Une opinion assez répandue parmi les militaires comme chez les gens du monde, c’est que l’équilibre qui existait autrefois entre l’attaque et la défense des places, rompu déjà par les travaux de Vauban, va se changer en une supériorité de plus en plus marquée en faveur de l’offensive, et qu’il deviendra facile de battre les villes fortifiées d’assez loin pour qu’elles ne puissent trouver aucune protection dans la force de leurs enceintes. Notre conviction est que le contraire arrivera.

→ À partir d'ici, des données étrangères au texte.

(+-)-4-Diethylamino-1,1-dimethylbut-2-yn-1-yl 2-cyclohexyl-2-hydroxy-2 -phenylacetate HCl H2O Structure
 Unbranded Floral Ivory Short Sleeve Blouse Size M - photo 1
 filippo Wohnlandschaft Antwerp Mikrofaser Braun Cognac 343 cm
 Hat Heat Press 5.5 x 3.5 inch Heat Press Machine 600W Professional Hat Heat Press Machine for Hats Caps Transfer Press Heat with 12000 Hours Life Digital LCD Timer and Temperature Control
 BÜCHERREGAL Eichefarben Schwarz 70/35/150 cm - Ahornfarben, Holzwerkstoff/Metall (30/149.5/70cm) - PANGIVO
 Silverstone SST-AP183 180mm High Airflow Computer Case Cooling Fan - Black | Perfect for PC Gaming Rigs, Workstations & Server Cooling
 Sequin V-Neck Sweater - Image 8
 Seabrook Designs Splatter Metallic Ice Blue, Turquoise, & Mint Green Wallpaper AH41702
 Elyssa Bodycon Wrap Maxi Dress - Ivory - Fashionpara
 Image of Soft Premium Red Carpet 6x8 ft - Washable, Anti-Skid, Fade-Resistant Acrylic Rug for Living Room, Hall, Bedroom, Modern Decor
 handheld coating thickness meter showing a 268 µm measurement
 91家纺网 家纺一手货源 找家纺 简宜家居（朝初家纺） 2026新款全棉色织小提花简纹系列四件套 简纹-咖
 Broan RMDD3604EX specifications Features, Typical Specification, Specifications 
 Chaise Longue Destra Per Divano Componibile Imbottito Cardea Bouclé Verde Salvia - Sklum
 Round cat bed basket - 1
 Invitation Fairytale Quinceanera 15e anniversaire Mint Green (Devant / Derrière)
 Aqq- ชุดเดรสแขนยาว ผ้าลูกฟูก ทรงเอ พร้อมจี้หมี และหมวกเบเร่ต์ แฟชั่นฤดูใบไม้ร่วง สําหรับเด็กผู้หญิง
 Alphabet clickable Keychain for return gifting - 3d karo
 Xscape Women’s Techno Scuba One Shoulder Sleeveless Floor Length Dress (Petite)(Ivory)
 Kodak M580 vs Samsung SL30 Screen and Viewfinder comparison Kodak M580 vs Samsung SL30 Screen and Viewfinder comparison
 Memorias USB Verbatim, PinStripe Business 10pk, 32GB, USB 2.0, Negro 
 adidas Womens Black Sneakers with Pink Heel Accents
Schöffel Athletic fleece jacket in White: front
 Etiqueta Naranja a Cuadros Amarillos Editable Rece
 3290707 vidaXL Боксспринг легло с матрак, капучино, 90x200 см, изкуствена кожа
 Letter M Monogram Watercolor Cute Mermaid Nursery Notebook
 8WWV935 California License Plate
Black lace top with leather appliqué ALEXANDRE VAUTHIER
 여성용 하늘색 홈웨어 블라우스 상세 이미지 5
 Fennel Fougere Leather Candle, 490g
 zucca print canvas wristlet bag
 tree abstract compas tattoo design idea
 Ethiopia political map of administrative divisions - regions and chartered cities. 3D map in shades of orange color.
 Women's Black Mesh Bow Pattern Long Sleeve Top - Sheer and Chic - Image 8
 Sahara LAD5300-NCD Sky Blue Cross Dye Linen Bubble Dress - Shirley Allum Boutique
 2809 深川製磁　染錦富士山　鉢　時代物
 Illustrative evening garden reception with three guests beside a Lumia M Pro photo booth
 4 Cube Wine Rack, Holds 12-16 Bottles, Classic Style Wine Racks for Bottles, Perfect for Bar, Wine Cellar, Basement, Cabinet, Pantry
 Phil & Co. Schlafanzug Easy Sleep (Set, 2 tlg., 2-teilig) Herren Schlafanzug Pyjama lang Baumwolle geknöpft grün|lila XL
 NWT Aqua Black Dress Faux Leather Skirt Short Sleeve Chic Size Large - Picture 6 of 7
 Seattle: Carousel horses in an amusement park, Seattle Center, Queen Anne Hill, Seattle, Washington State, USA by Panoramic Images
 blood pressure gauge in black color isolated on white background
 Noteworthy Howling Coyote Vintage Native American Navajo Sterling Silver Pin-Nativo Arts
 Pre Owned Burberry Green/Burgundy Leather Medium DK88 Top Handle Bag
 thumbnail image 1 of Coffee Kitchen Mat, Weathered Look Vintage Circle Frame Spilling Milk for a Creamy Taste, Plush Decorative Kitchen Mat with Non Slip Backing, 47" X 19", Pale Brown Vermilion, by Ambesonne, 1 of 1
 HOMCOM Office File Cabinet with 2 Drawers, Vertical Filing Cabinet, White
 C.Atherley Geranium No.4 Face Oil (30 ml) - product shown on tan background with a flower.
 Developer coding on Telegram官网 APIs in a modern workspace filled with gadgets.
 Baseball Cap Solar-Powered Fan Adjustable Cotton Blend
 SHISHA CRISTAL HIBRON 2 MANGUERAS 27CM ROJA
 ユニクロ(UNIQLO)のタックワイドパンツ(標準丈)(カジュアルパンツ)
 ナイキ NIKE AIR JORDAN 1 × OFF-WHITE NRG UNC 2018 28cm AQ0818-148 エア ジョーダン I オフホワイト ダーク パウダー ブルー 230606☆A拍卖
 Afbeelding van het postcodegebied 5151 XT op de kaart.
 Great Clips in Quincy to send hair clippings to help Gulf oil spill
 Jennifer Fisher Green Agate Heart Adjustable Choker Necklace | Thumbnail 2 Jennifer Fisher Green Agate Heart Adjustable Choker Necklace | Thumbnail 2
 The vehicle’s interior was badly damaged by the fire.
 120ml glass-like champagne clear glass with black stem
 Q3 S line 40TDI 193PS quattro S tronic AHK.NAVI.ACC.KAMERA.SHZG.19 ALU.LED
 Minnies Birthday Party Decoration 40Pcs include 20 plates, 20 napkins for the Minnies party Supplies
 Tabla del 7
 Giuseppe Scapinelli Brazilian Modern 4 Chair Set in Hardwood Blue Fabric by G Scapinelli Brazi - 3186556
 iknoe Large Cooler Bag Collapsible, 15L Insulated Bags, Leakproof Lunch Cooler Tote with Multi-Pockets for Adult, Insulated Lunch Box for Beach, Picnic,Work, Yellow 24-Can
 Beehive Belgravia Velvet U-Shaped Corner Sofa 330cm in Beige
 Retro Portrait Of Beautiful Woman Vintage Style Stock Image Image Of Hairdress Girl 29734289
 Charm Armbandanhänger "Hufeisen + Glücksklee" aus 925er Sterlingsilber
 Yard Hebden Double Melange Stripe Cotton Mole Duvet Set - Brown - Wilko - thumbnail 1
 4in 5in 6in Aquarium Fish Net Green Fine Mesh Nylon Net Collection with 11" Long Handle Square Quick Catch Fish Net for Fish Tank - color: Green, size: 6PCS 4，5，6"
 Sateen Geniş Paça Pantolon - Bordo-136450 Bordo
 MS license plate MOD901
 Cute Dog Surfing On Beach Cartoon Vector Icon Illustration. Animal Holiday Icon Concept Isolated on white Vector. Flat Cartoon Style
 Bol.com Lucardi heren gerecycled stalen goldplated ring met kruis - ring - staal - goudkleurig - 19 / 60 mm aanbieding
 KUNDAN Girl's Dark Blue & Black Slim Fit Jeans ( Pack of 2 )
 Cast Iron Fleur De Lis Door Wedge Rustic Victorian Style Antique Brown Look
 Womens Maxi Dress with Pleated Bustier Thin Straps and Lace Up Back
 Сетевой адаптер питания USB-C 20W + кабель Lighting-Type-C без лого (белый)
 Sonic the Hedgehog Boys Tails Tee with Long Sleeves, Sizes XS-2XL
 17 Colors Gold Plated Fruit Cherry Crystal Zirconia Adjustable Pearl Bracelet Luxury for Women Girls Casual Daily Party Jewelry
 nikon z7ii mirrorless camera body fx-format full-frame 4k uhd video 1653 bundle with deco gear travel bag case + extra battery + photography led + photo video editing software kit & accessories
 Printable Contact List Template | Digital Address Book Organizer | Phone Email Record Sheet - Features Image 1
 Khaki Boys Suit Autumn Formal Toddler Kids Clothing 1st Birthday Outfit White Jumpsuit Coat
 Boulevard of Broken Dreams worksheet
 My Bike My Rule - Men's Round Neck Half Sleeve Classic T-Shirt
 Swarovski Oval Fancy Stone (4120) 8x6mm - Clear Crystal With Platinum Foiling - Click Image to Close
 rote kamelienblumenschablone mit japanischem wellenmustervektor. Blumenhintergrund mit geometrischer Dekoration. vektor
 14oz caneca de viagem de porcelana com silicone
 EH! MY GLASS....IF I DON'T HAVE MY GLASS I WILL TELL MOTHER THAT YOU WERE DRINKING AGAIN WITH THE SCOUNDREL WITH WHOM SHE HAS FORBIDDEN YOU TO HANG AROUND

Déjà nous avons Tait quelques réserves au sujet de l’efficacité exagérée que l’on attribue aux projectiles creux ; depuis longtemps, l’expérience a démontré que le canon n’a de puissance qu’à la condition d’avoir un tir convergent, et s’il a un obstacle puissant à renverser, il faut qu’il ait une régularité méthodique, comme le tir en brèche[1]. Souvent, lorsque l’habileté a fait défaut pour obtenir la reddition d’une ville, on a essayé de profiter d’une supériorité d’artillerie pour la ruiner et pour intimider ses défenseurs. Ce procédé peut réussir contre des fortins, où l’on ne trouve d’abri nulle part ; mais toutes les fois qu’on a voulu en faire usage contre des villes importantes, il a tourné à la confusion des généraux qui avaient mis leur confiance dans ces moyens barbares. On a détruit des propriétés privées, appauvri les habitans, mais sans succès, et la dépense la plus forte est toujours restée à la charge des assaillans. Ceux-ci d’ailleurs n’auront pas seuls le bénéfice d’une artillerie plus légère et d’une plus longue portée. Les garnisons, ayant aussi plus de facilités à transporter leur canon, forceront l’ennemi à établir ses camps à une très grande distance pour y trouver le repos, à commencer ses tranchées de très loin, à faire sur une étendue triple ou quadruple les travaux si pénibles et si dangereux de la dernière période d’un siège, et les hommes de service n’y arriveront que fatigués déjà par une longue course. Sans doute la fortification devra se plier à de nouvelles exigences, multiplier les

  1. Les anciens artilleurs battaient irrégulièrement les murs d’escarpe où ils voulaient ouvrir une brèche ; il s’ensuivait que les décombres s’amassaient en très grandes quantités au pied du mur, et bientôt les boulets s’enterraient sans produire d’effet. Aussi arrivait-il souvent que l’on ne réussissait pas à rendre la brèche praticable, et il fallait recommencer ailleurs sur nouveaux frais. Maintenant on commence par faire une tranchée horizontale au tiers de la hauteur du mur, ce qui laisse au-dessous l’espace nécessaire à l’amoncellement des décombres qui vont se produire, puis on pratique de bas en haut deux tranchées verticales aux extrémités de la première, pour isoler un grand fragment de mur qui s’écroule sous son propre poids. Pour obtenir ce résultat, il suffit de 100 kil. de boulets et de 50 kil. de poudre par mètre courant de rempart abattu.